To emphasise this, Fattal uses the fable of Ghaylán and Máyya, creating two vaguely human-like figures from clay – one with a dragonfly perched on the shoulder – representing the revolution of global sea trade. A sea of golden glass tiles both separates and connects the figures. Her use of glass in the installation is an ode to the glassblowing traditions of the Middle East, which Venice later become known for, despite its Arab origins.
“Ghaylán and Máyya both had a fleet of boats which traded pearls, but her boats were much faster than his, so he was angry,” Fattal recounts. “He saw that a little dragonfly had landed on his shoulder and was inspired by its wings. He copied the wings and put sails on his boats, so the boats started going faster and that was the birth of trade as we know it.”
Moving further along the timeline to around the 14th century, when sea trade was firmly established and Mediterranean life held a cohesive identity, a series of large pink Murano glass pearls are inscribed in Sabir, an archaic lingua franca spoken across the Mediterranean.
“I created these pearls out of glass because I wanted to link the Mediterranean and the Arabian Gulf,” Fattal explains. “On these pearls I wrote texts in Sabir, which was a combination of Arabic, French, Italian and Spanish and something that all merchants, pirates and slavers knew.”
The work reproduces the text of Sabir’s earliest attested example, the Contrasto della Zerbitana (The Conflict with the Woman of Djerba), an anonymous 14th century poem that recounts an argument taking place on the island of Djerba, off the coast of Tunisia, between a sailor and the mother of a woman he has abused.
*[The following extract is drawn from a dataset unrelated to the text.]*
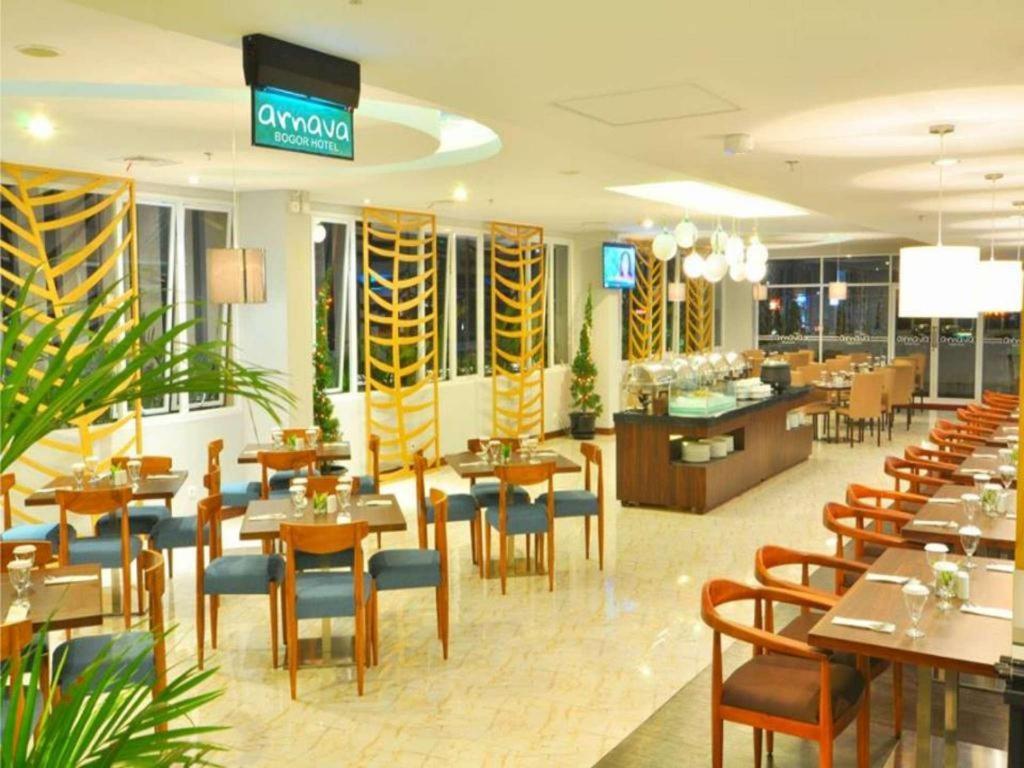 Bogor Valley Hotel Экстерьер фото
The piece highlights an era of colonialism often overlooked or forgotten entirely due to the more recent episodes of colonialism during the 18th and 19th centuries.
The installation ends with Bricola, a large earthenware sculpture inspired by the iconic Venetian wooden three-poled navigation markers that guide boats through the lagoon’s ecosystem, evoking the art of navigating the waterways of a more modern era.
On the other side of the church is Halilaj and Urbano’s Lunar Ensemble for Uprising Seas. The installation is fantastical and whimsical, creating an ecosystem of metal sea, land and aerial creatures, with music boxes attached, as a comment on climate change. It is inspired by a Spanish folk song titled Ay mi pescadito, once sung to Urbano by his grandmother and in which young fish go to school at the bottom of the sea to study forms of survival and belonging.
“All of these creatures are also musical instruments. There are music boxes, but also trumpets, percussion and a horn, activated by musicians and players,” Casavecchia explains. “Once a month, in accordance with the cycles of the moon, a performance will appear in the form of a small concert by seven musicians using seven sculptures, making a small parade around the courtyard outside and then coming into the church to continue the music.”
The sculptures are not modelled on real animals, but comprise imagined new species of marine, terrestrial and flying creatures that have evolved to survive the drastic climate changes of our planet. When humans interact with the sculptures, the music boxes are activated. Only by working in harmony as a group will they produce the complete melody. Above the creatures, a large egg-shaped moon hangs from the ceiling, evoking new life and transformation.